Are you saying the animal cruelty laws only apply to pets?

gr 5 years, 7 months ago

The KDWP states that "Zebra mussels are NOT spread by birds."

So the key is to find out how birds get rid of them. This is kind of like being surprised that they didn't swim out of Perry on their own. If these larva are on the birds, how do they get rid of them?

If this was so important to kill off another life form, why didn't they drain the lakes that first were found in Kansas and let the mussels die a slow and painful death?

There was some patent I came across that spoke of an easy way for removing them from inlet pipes. Don't recall the details, but it seemed like it was some plant concentrate (pokeweed, I think it was) which caused the mussels to just fall off or at least be weakened.

mistygreen 5 years, 7 months ago

Hmmm...let's see. Should I worry about a zebra mussle being a living creature and being treated humanely? Or should I worry about having water to drink? Water is critical to sustaining life, so guess what..Zebra mussle loses. Sorry, it's the circle of life and we're at the top of the chain. Put that in your glass and drink it!

monheim 5 years, 7 months ago

@gphawk: yawwwwwwn

Surely you can phrase that argument a little better than that. Do you cry when you step on blades of grass, too? This isn't some native species to Kansas that's causing us a problem. These things aren't even native to the US.

Seriously though, you could have phrased an objection so much better, like: Should we just declare all-out war on them? What if it affects the ecosystem? Well....as I just covered, they're not native and are often seen as invasive. I'm sure you drink water every day and I'm sure you can appreciate what kind of problem it'd be to have choked up intake valves to clean your water. Try and think things through a little better before you just go all "Ohhh the poor mussels!"

gphawk89 5 years, 7 months ago

I don't give a flying you-know-what about the mussels. Kill em all, for all I care.
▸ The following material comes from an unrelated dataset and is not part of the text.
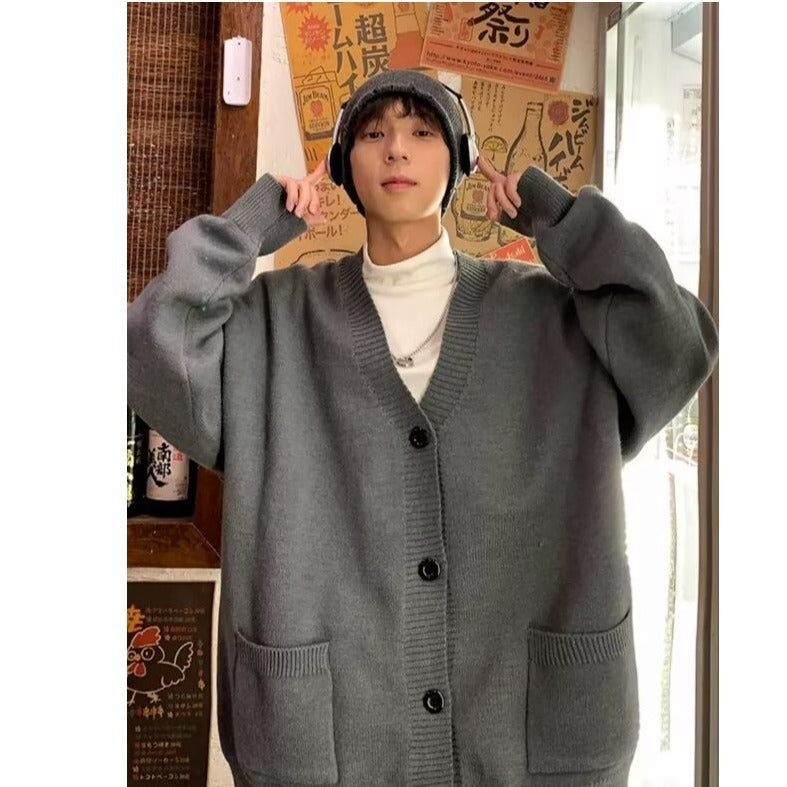 Cardigan Japanese Lazy Style Loose-fitting Versatile Sweater Coat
Several of you missed the point of my post.

"when have you been able to go to wall mart and buy zebra mussel chow for you mussels?" You can buy fish food at WalMart. The snails in my fish tank bear a striking resemblance to mussels.

gr 5 years, 7 months ago

"Hmmm…let's see. Should I worry about a zebra mussle being a living creature and being treated humanely? Or should I worry about having water to drink? Water is critical to sustaining life, so guess what..Zebra mussle loses. Sorry, it's the circle of life and we're at the top of the chain."

"Surely you can phrase that argument a little better than that. Do you cry when you step on blades of grass, too? This isn't some native species to Kansas that's causing us a problem. These things aren't even native to the US....Try and think things through a little better before you just go all “Ohhh the poor mussels!”

It does seem like there's a consensus that animal cruelty laws do not apply if you have a good reason for not following them.

Can I call you for a witness when I pour scalding water on my dog, when I confine it out in the sun and let it dehydrate, when I pour bleach all over it and justify my actions by saying it was no longer my pet. It was a pest as it chewed up my shoes so I didn't want it anymore. Should I worry about treating it humanely when it destroys that which I consider important in life? Which is more important, me or a destructive dog. Don't go saying, "Ohhh, the poor mutt!" Besides, I'm bigger than that scoundrel. I'm at the top.

mistygreen 5 years, 7 months ago

GR: - that is a very disturbing picture you paint. These zebra mussles are crustaceans , but what you discribe is abuse to animals and it's just plain sick. But if you want to keep these crustaceans around, go ahead. It is not really worth my time and effort to compare animals to crustaceans. Have a wonderful day.

gr 5 years, 7 months ago

"These zebra mussles are crustaceans , but what you discribe is abuse to animals and it's just plain sick. "

And what would you say zebra mussels are? 'well.... they are crustaceans'. So, what are dogs, aren't they canines?

Discriminate about what are animals if you want, but your "warm fuzzies" are laughable at best.

Kind of reminds me of the interview: .... And where does Obama get the money from? well........ I don't know.